What is the relationship between sample size and cost-effectiveness?
Sample size follows law of diminishing returns. Each doubling gives 30% improvement (sqrt2≈1.41). Cost-benefit analysis: Going from +/-10% to +/-5% MOE: 4x cost for 2x precision. From +/-5% to +/-2.5%: 4x cost for 2x precision. Optimal point: Usually +/-3-5% for surveys (n=400-1,000). Below +/-2% gets very expensive. Factors: (1) Data collection cost, (2) Value of precision, (3) Budget constraints. Example: Phone survey $50/response → n=1,000 costs $50,000 for +/-3% vs $200,000 for +/-1.5%.
How do I adjust sample size for expected attrition or non-response?
Inflate initial sample size by expected loss rate: n_adjusted = n_required/(1 - attrition_rate).
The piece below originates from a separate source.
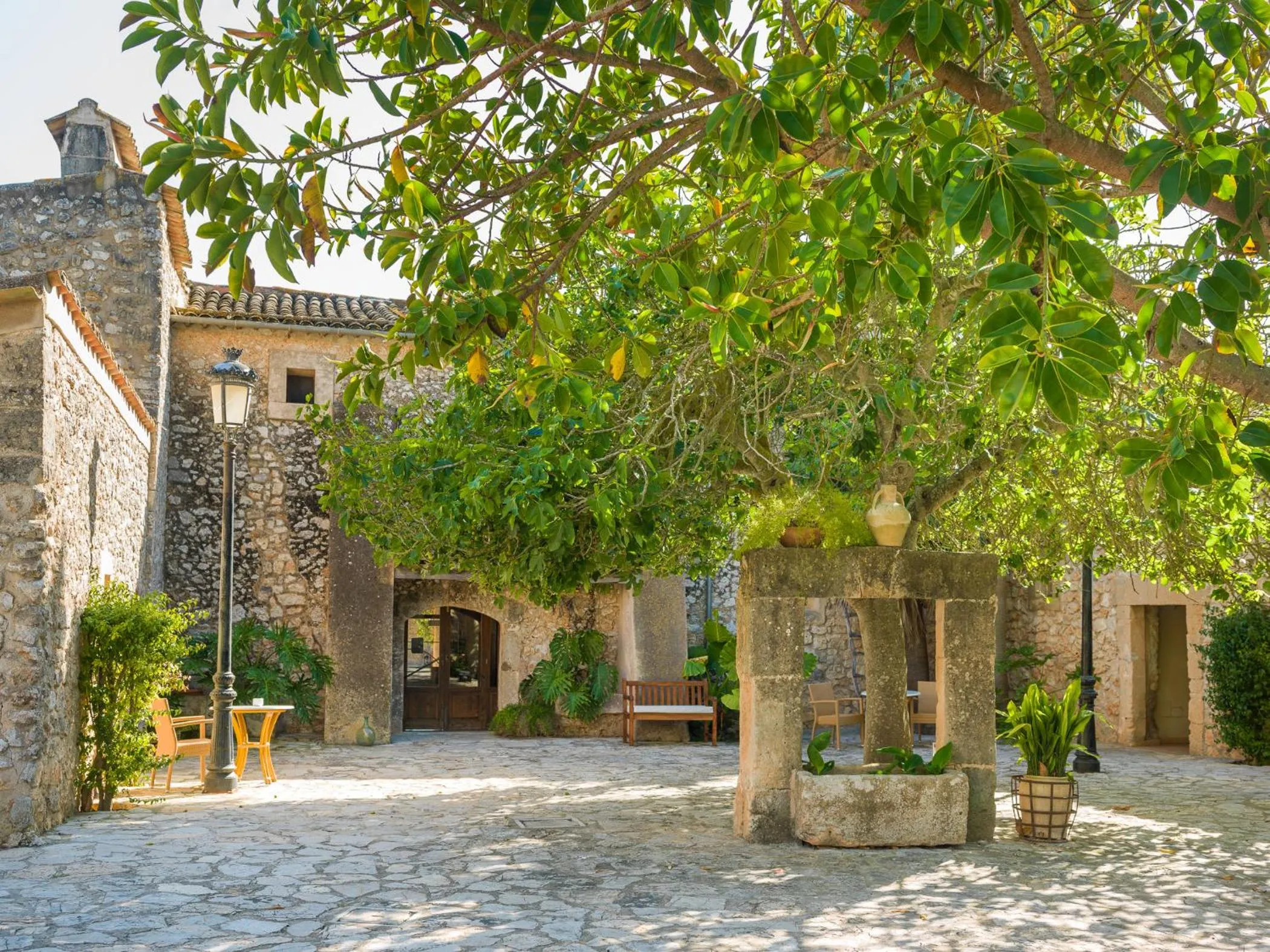 Balcony/Terrace in Sa Bassa Rotja Ecoturisme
Example: Need n=200 completes, expect 30% dropout → recruit n=200/(1-0.30)=286. Common rates: Online surveys 10-30%, Mail surveys 30-50%, Longitudinal studies 20-40%, Clinical trials 10-20%. Calculate at each stage: Initial contact → Agreement → Completion. Example: 40% agree, 80% complete → n=200/(0.40*0.80)=625 initial contacts. Always overrecruit to ensure adequate final sample.